We have reserved SA19873 for the vulnerability. Please let us know when
you expect to issue an updated version and keep us updated on your
Created attachment 226776 [details]
In a debug build I crash (so far) in nsGlobalWindow::RunTimeout or nsGlobalWindow::SuspendTimeouts, in both cases iterating over mTimeouts when it hits a pointer to a deleted (0xdddddddd on windows) nsTimeout.
I can *easily* reproduce this on both Win32 and Linux in builds that do *not* have the fix for bug 320982, but in builds with that fix I have not yet been able to reproduce this yet.
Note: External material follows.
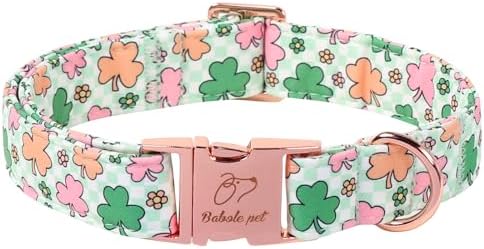 St. Patrick's Day Dog Collar for Puppy Small Dogs - Lucky Clover Pastel Dog Collars, Irish Spring Shamrock Pet Collars, Adjustable Heavy Duty Dogs Collar with Metal Buckle XS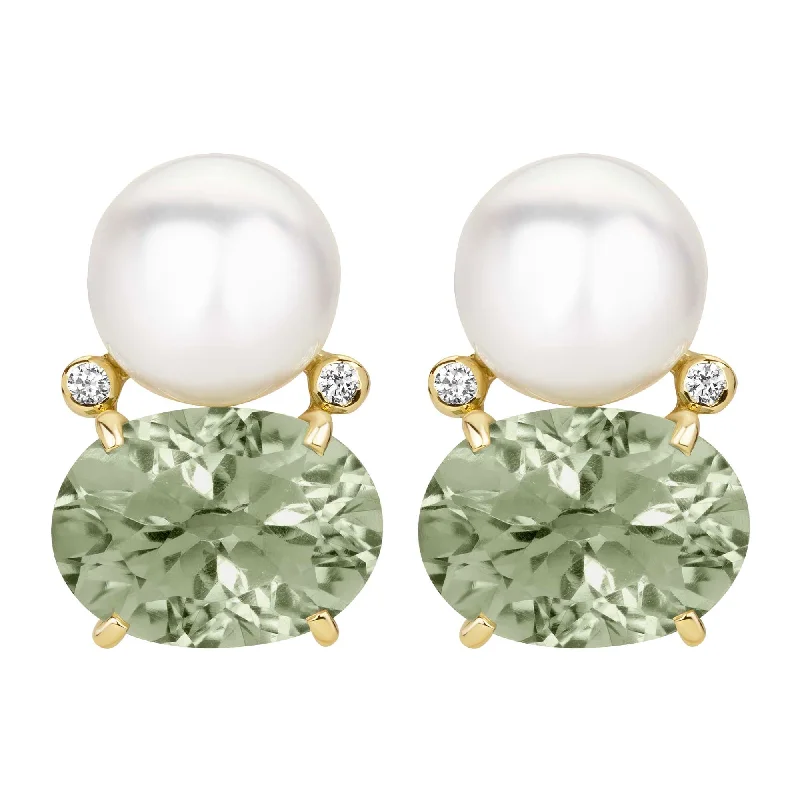 Ladies earrings sleek elegance -Earrings - South Sea Pearl, Green Quartz And Diamond (2385B)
Dan, and others, did you see this crash with builds from later than the 16th this month when the fix for bug 320982 got checked in?
Same here, once I updated my 1.8 tree with the patch for bug 320982 I could no longer reproduce this. Yay!
Allright, marking WORKSFORME as this doesn't appear to be a problem in builds containing the fix for bug 320982.
Sorry for reopening, but I'd rather not have a critical security bug "WFM" when we know a specific patch for it.
*** This bug has been marked as a duplicate of 320982 ***
Actually "duplicate" will mess up tracking of security exploits, too.
I applied Olli's 1.8.0-branch patch from Bug 320982 and verified that it fixes this bug.
v.fixed on 1.8.0 branch with Mozilla/5.0 (Macintosh; U; Intel Mac OS X; en-US;
rv:220.127.116.11) Gecko/20060626 Firefox/18.104.22.168, no crash with PoC.